Your task:
Restate word for word the lines below that run from the one holding "Hey guys, this" through the one holding "In a small village", inclusive. Pictures don't belong in the copy.

*** Opening Records ***

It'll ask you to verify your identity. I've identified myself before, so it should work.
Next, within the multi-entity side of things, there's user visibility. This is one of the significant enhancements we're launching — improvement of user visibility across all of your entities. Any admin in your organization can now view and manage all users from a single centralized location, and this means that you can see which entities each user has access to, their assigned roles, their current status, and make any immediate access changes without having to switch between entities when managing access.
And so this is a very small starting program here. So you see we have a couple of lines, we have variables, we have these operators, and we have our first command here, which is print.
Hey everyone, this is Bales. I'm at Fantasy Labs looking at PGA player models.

*** Closing Records ***
*** Opening Records ***

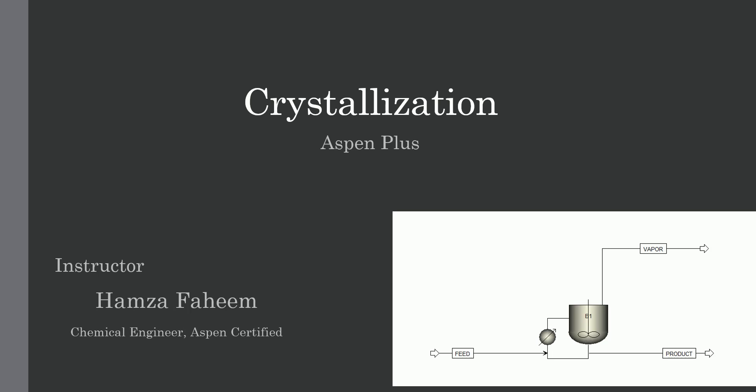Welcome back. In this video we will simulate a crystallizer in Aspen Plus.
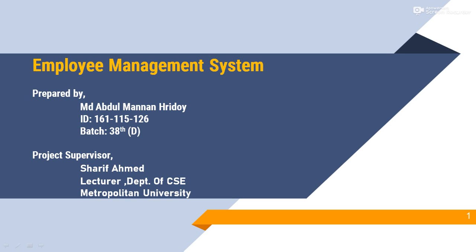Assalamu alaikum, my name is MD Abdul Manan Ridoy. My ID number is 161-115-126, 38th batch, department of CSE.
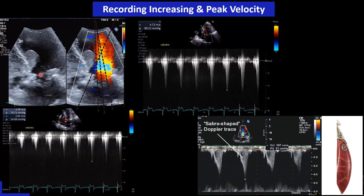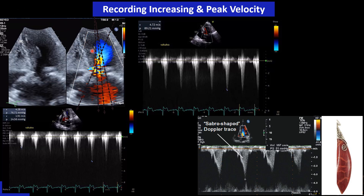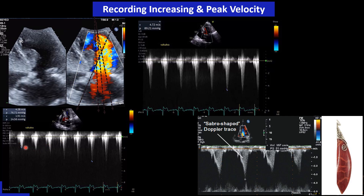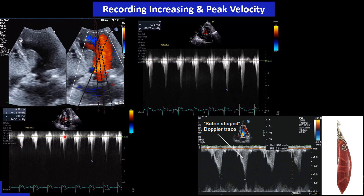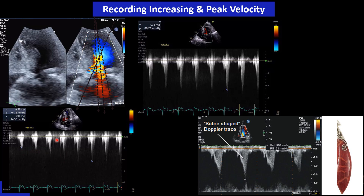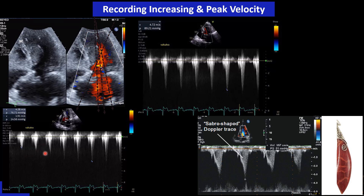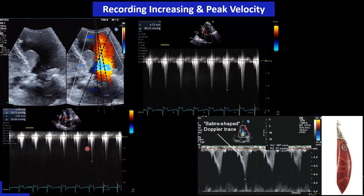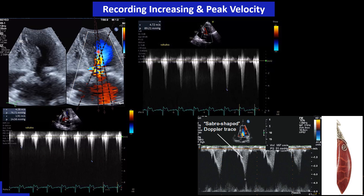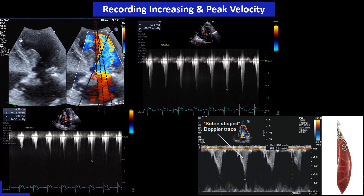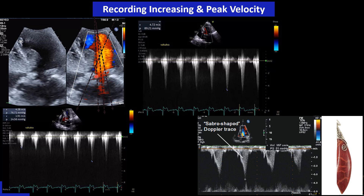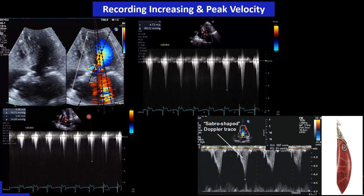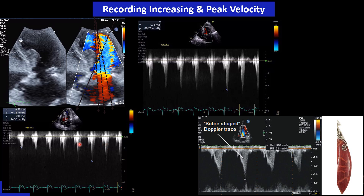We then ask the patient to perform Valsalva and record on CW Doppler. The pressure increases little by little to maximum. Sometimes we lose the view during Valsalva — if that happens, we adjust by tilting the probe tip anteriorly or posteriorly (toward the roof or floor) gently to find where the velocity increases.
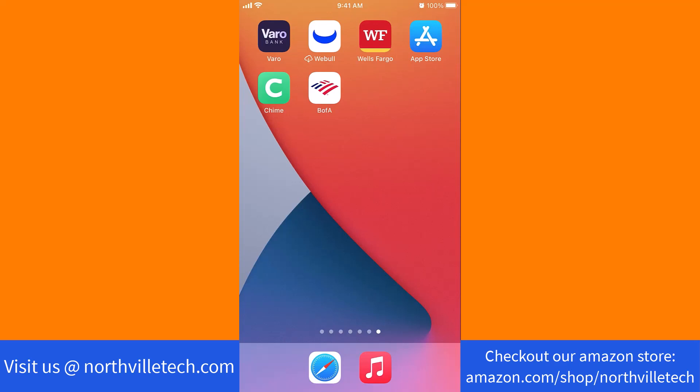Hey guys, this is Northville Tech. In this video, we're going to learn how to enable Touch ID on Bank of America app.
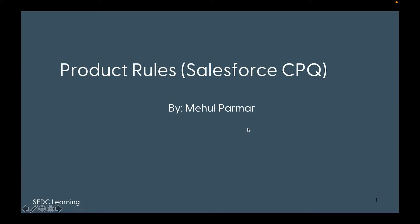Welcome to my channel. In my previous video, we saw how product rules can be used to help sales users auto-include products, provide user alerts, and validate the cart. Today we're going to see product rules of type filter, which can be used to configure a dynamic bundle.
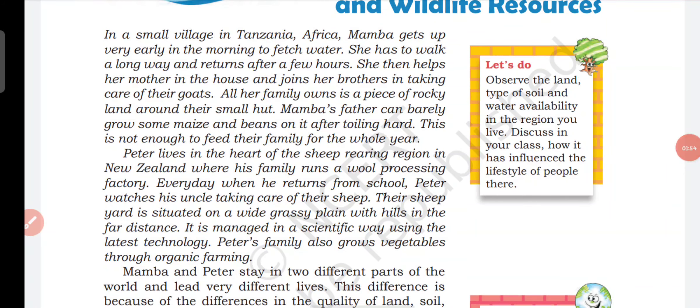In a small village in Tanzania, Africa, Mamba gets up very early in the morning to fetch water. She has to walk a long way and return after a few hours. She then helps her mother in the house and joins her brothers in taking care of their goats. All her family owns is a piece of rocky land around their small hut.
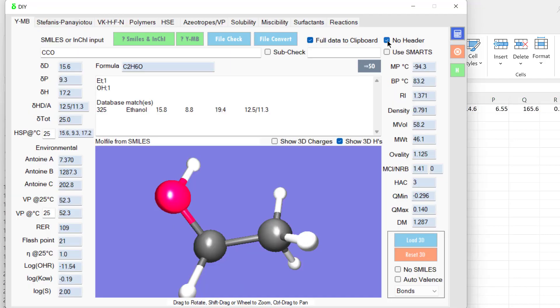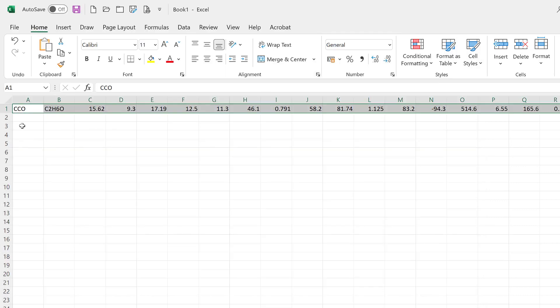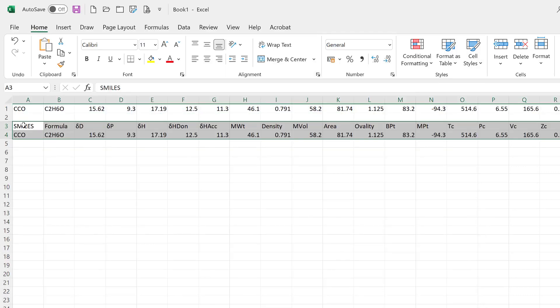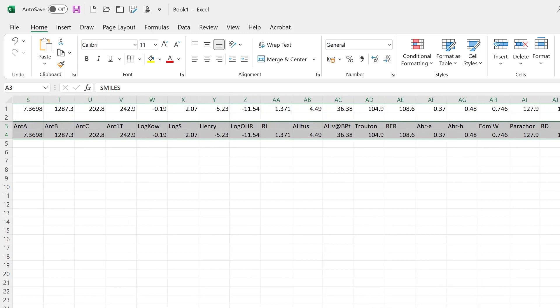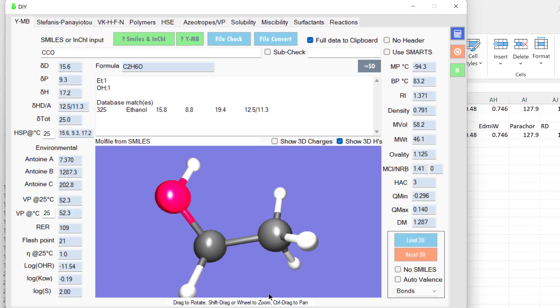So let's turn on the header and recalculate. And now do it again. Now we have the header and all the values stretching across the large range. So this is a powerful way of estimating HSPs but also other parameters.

*** Closing Records ***

Solution to this task:
Hey guys, this is Northville Tech. In this video, we're going to learn how to enable Touch ID on Bank of America app.
Welcome to my channel. In my previous video, we saw how product rules can be used to help sales users auto-include products, provide user alerts, and validate the cart. Today we're going to see product rules of type filter, which can be used to configure a dynamic bundle.
In a small village in Tanzania, Africa, Mamba gets up very early in the morning to fetch water. She has to walk a long way and return after a few hours. She then helps her mother in the house and joins her brothers in taking care of their goats. All her family owns is a piece of rocky land around their small hut.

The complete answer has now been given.